A lack of proper training is the biggest threat to K-12 cybersecurity
Monday, April 29, 2019
The digitization of education has meant that efforts to ensure data security have become imperative in recent years. Yet, much remains to be done in improving technologies and training K-12 staff.
The emerging technologies in this niche are hard to pin down. They are evolving rapidly, and cash-strapped districts often find it hard to keep up with the latest trends and techniques. It is hardly any wonder that K-12 education is subject to more malicious cyberattacks than most industries.
Education’s biggest cybersecurity threat lies in its untrained staff and students who inadvertently click on links they aren’t supposed to and share information that puts entire districts at the highest risk of an attack.
Faculty, administrators, and students need proper coaching on how to identify malicious links and phishing emails so that they can avoid them. Many times, people are not aware of a breach until it’s too late. Valuable information, like addresses, social security numbers or school records, are already in the hands of the hackers by this point.
As early as 2016, Verizon’s report stated that the education sector faced high risks and ranked sixth for the total number of reported “security incidents.” This was reiterated by the FBI in 2018 when it warned that U.S. schools are facing an even higher risk of cybersecurity attacks. A 2018 SecurityScorecard report placed schools last among major industries for cybersecurity performance.
Schools are soft targets for cybercriminals because they store a lot of personally identifiable data that can be sold for thousands of dollars. In 2018, the K-12 sector reported close to 122 cybersecurity incidents, but many more went either unreported or unidentified.
However, all schools are at risk. When it comes to cybersecurity, more affluent districts are at the highest risk. The data stored at these schools is predominately stored digitally, so it is of more interest to cybercriminals.
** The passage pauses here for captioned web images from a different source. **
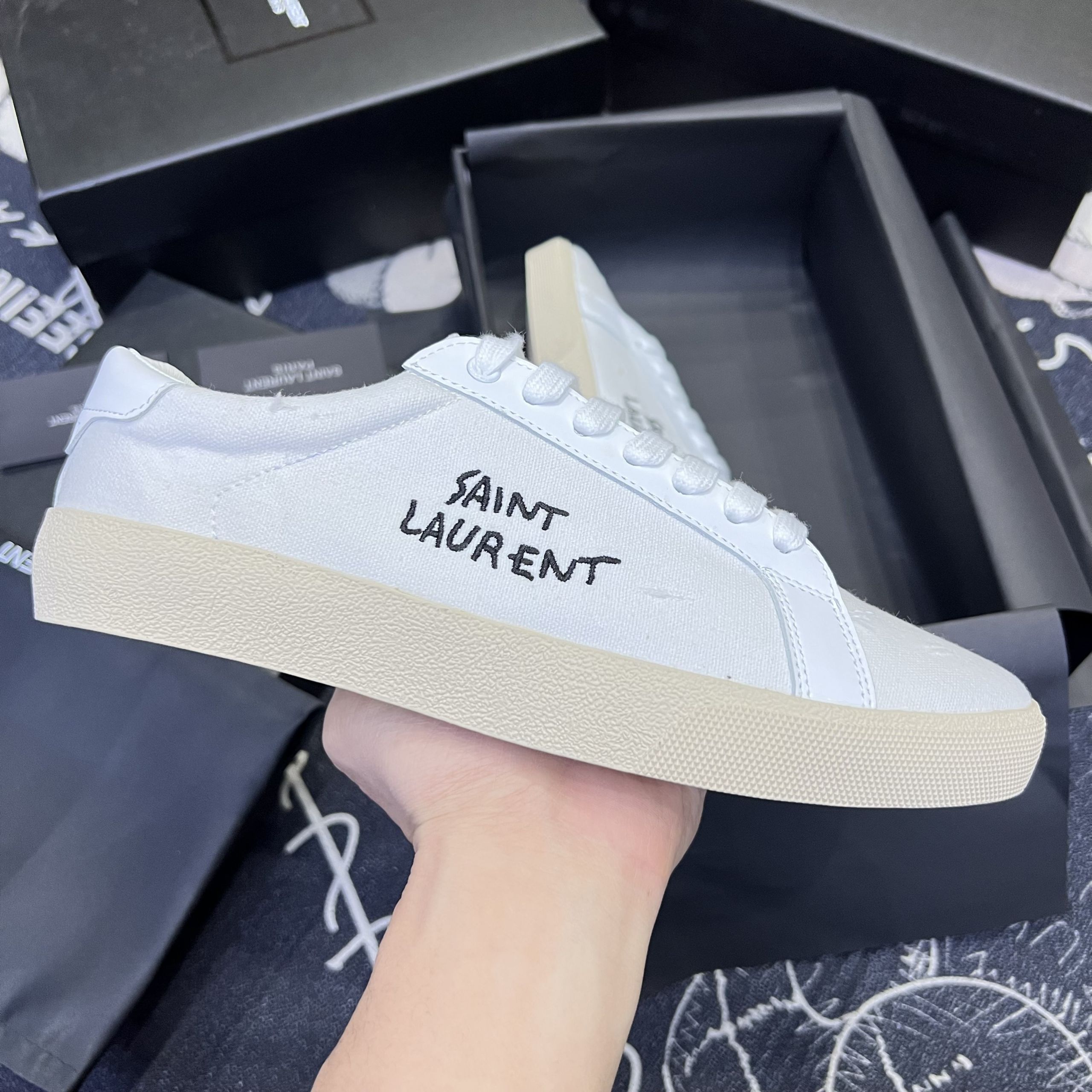 Giày Saint Laurent Canvas 2023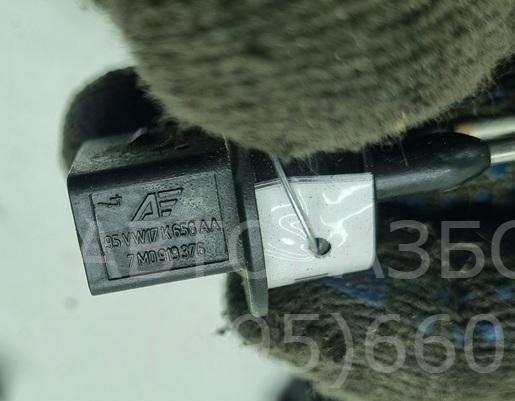 Датчик уровня в бачок омывателя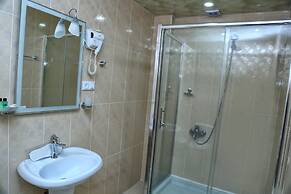 Lara Hotel
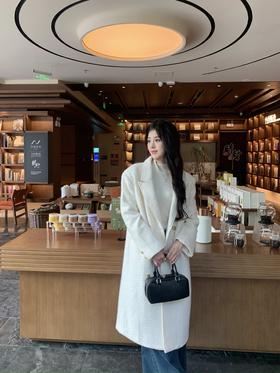 一整个韩剧女主既视感，知性又大方~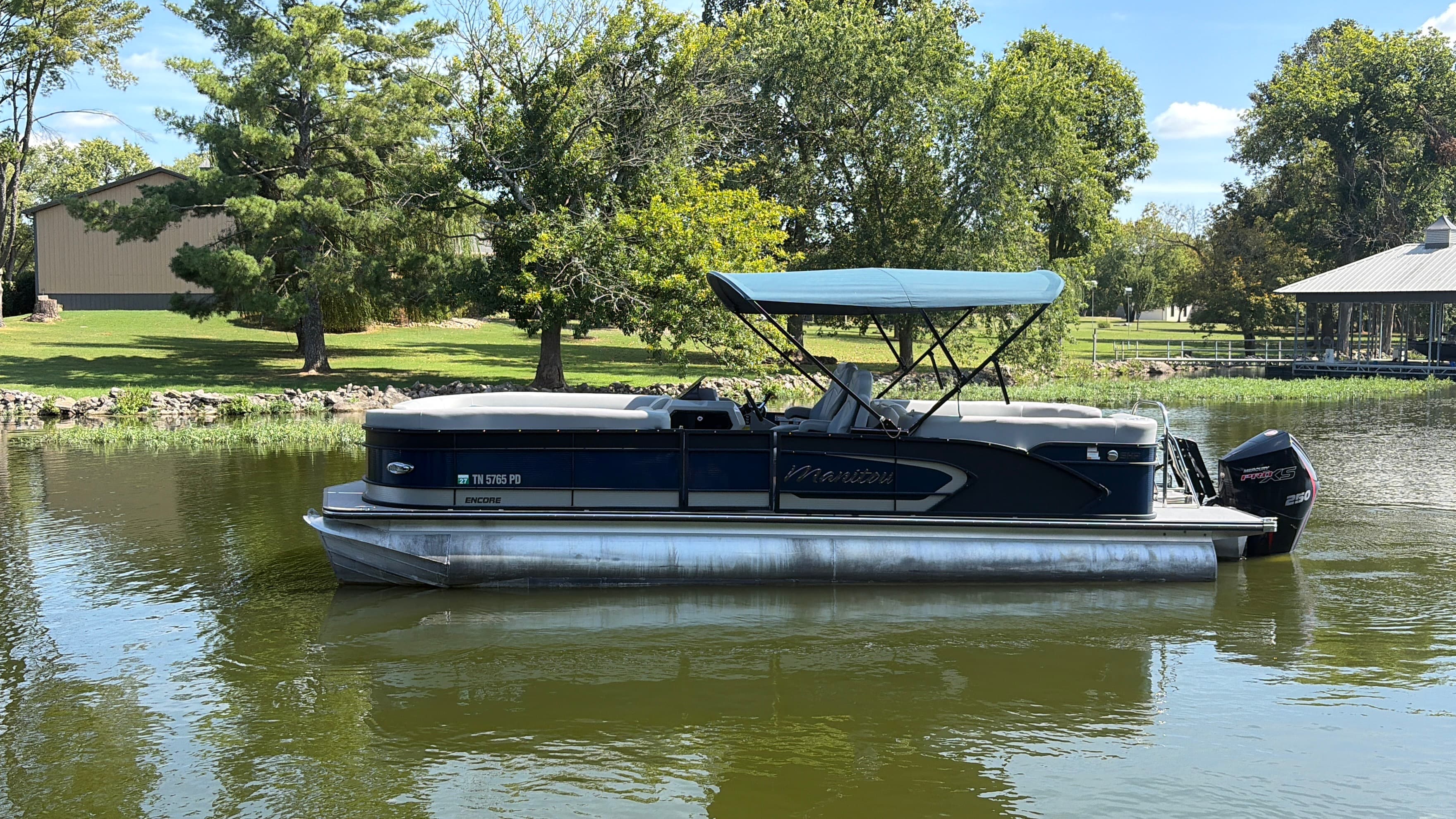 2022 Manitou Encore - exterior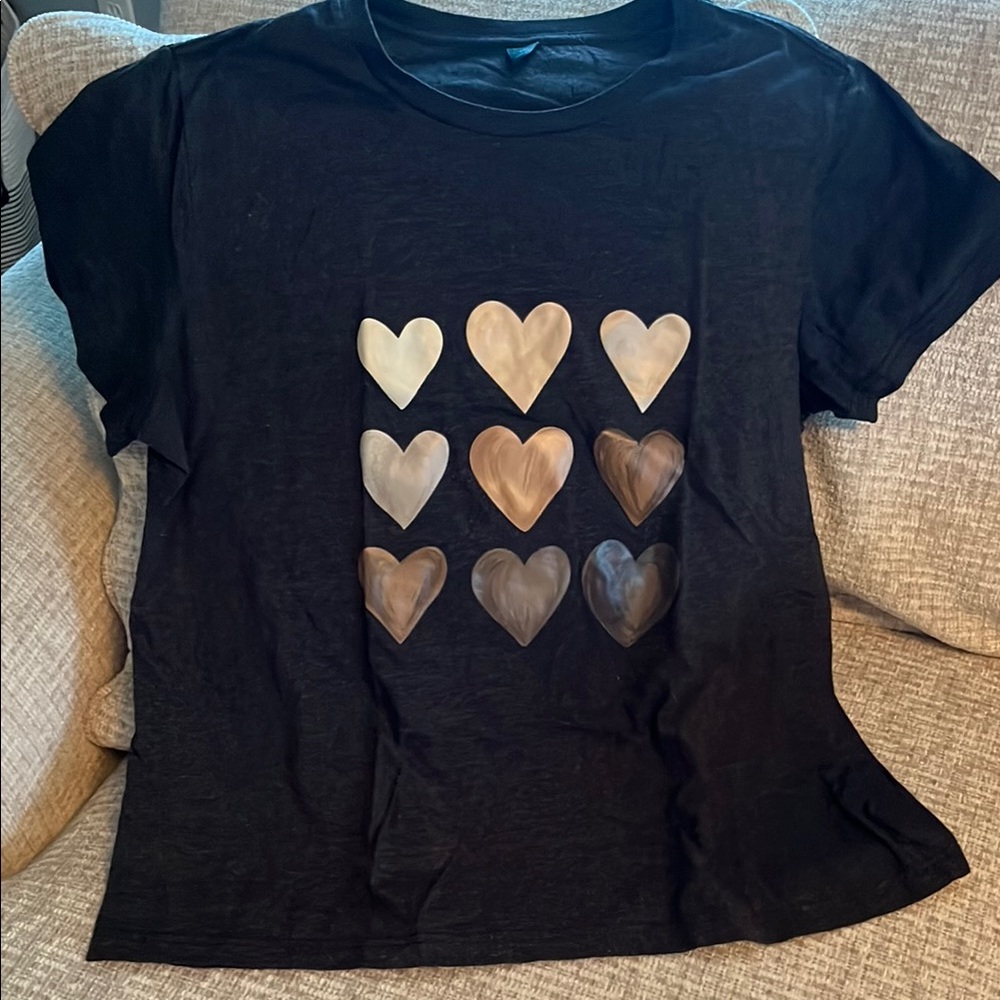 Black and Pink Short Sleeve Heart Graphic Tee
Hackers often use the district’s own system commit crimes and hacks. We also hear the ominous term ransomware, which is a particular favorite of hackers worldwide. In such cases, they breach a K-12 public school system and hold it at ransom. Districts have to pay them a “ransom” to have the hackers take the malware off the computers.
Higher ed systems are under attack as well, but since their transition to digital began much earlier, they have made some real headways into cybersecurity. K-12 can learn from the lessons and the best practices developed in this regard.
Sometimes, increasing security and installing firewalls are not enough. Personal devices used by students and faculty increase the vulnerable endpoints. They also use these same devices to connect to home networks, which are not always secure.
Cybersecurity education programs are therefore crucial to avoid breaches and apply quick fixes until an IT professional can take care of the larger issue. These programs will go a long way to instill the best security habits into K-12 staff, students, and even parents.